The U.S. Department of Treasury’s Financial Crimes Enforcement Network (“FinCEN”) released additional informational guidance on July 8, 2024, outlining that certain legal entities that have been dissolved or otherwise ceased to exist after January 1, 2024, are to be included in the beneficial ownership information (“BOI”) reporting requirement. More importantly, if a reporting company wound up its affairs and ceased conducting business before January 1, 2024, but has not “formally and irrevocably” dissolved, then a BOI reporting requirement remains. This guidance, which is effective immediately, significantly increases the reporting requirement under the Corporate Transparency Act (“CTA”).

"As of January 1, 2024, most new and existing entities formed or based in the United States are required to file reports disclosing their Beneficial Owners and Company Applicants with FinCEN."

BACKGROUND

As of January 1, 2024, most new and existing entities formed or based in the United States are required to file reports disclosing their Beneficial Owners and Company Applicants with FinCEN. These requirements are borne out of the CTA, an expansion of anti-money laundering laws, and have impacted millions of business entities.
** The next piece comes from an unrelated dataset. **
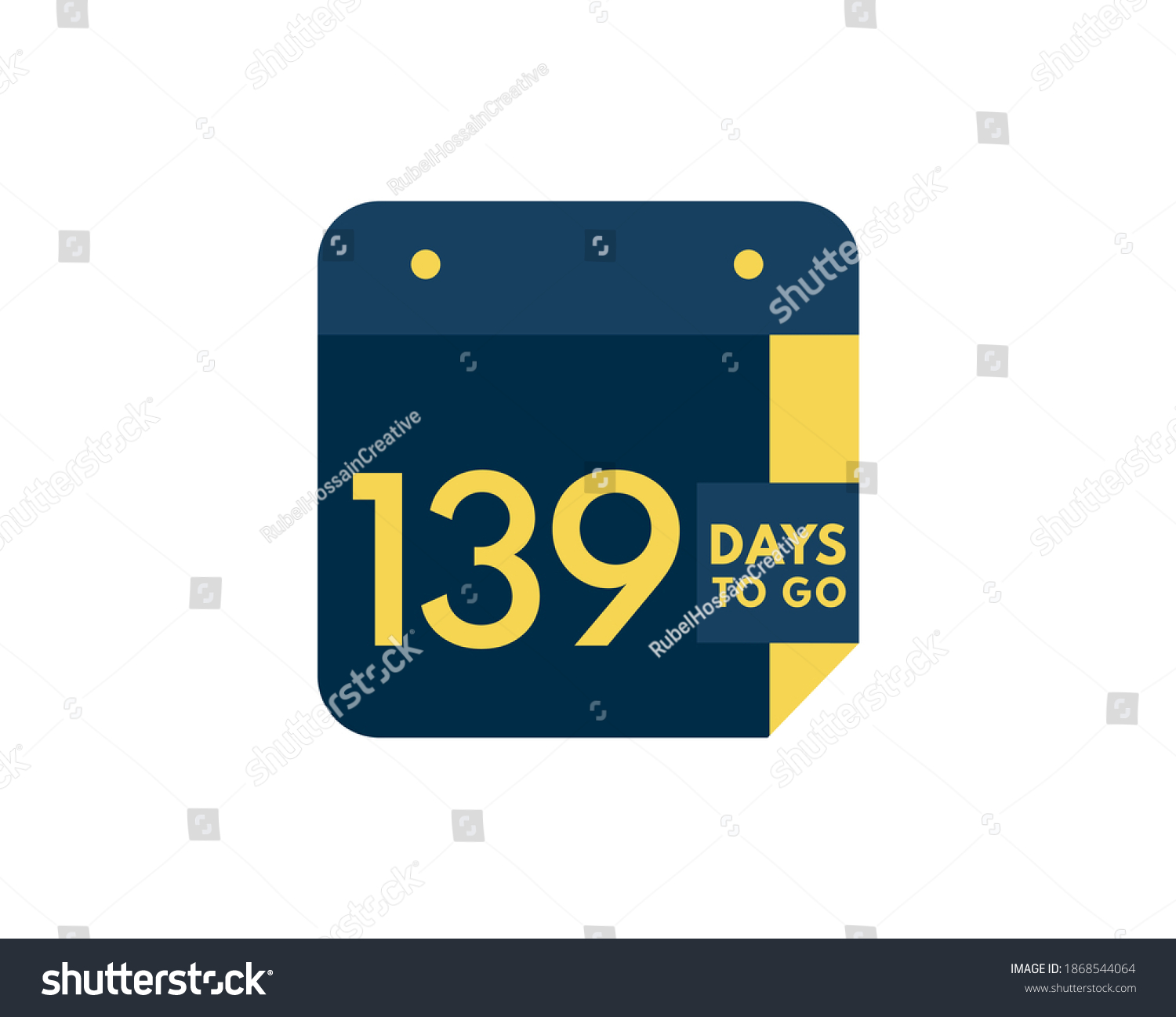 139 Days Go Calendar Icon On Stock Vector (Royalty Free) 1868544064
Under the CTA, a beneficial owner is defined as any individual who, directly or indirectly, exercises “substantial control” over an entity or owns or controls not less than 25% equity in it. A company applicant is defined as (1) the individual who directly files the document creating the entity, or in the case of a foreign reporting company, the document that first registers it to do business in the United States and/or (2) the individual who is primarily responsible for directing or controlling the filing of the relevant document, if more than one individual is involved in the filing of the document. For more information please see our previous client alert.

Different timing rules apply to existing and newly formed entities for initial reporting. A reporting company created or registered to do business before January 1, 2024 has until January 1, 2025 to file its initial BOI report; a reporting company created or registered in 2024 has 90 calendar days to file its initial BOI report. In 2025, this timeline will shorten, as a reporting company created or registered on or after January 1, 2025 will have 30 calendar days to file its BOI report after receiving actual or public notice that its creation or registration is effective. In any case, if there is any change with respect to information previously reported, the reporting company is required to file an updated report within 30 calendar days after the date on which the change occurs.

NEW GUIDANCE

FinCEN’s new guidance clarifies that if a reporting company continued to exist as a legal entity for any period of time on or after January 1, 2024, and did not “formally and irrevocably” dissolve before January 1, 2024, then it is nonetheless required to report its beneficial ownership information to FinCEN. This holds true even if the reporting company had wound up its affairs and ceased conducting business before January 1, 2024, but has not “formally and irrevocably” dissolved. Only companies that have “entirely completed the process of formally and irrevocably dissolving” before January 1, 2024, are omitted from the reporting requirements.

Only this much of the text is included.